## Data to examine
+--

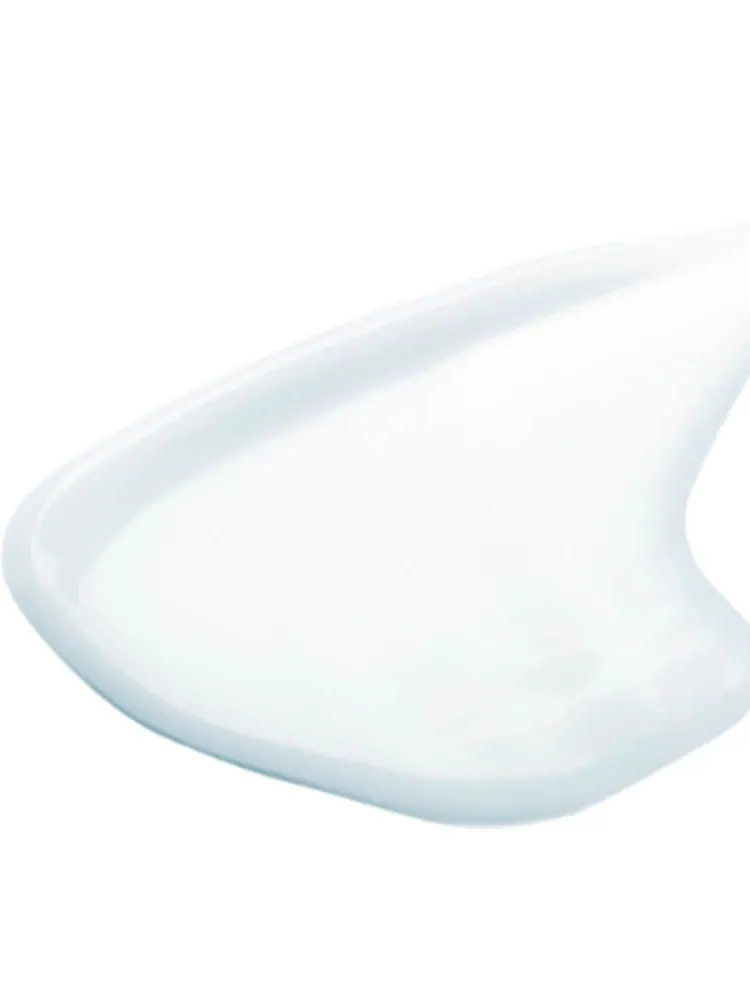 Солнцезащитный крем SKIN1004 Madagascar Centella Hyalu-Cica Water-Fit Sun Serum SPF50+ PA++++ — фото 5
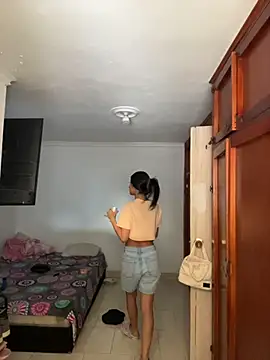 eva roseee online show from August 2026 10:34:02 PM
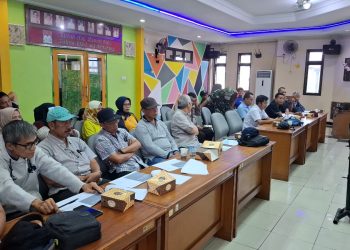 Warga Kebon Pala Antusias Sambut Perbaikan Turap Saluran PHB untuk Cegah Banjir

+--

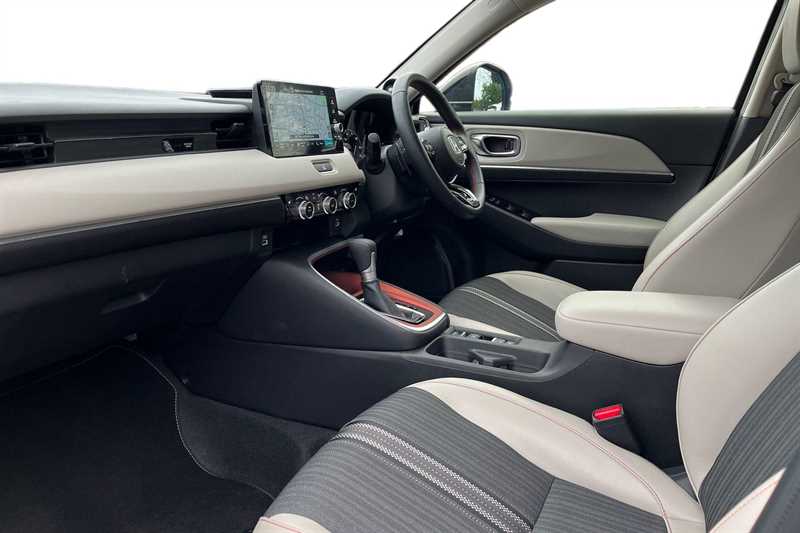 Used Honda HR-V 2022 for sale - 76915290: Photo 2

+--

## Exercise description
All that should appear in the answer is the lines above from the line with "Солнцезащитный крем SKIN1004" through the line with "Warga Kebon Pala", retyped exactly, pictures left out.

## Expected output
 Солнцезащитный крем SKIN1004 Madagascar Centella Hyalu-Cica Water-Fit Sun Serum SPF50+ PA++++ — фото 5
 eva roseee online show from August 2026 10:34:02 PM
 Warga Kebon Pala Antusias Sambut Perbaikan Turap Saluran PHB untuk Cegah Banjir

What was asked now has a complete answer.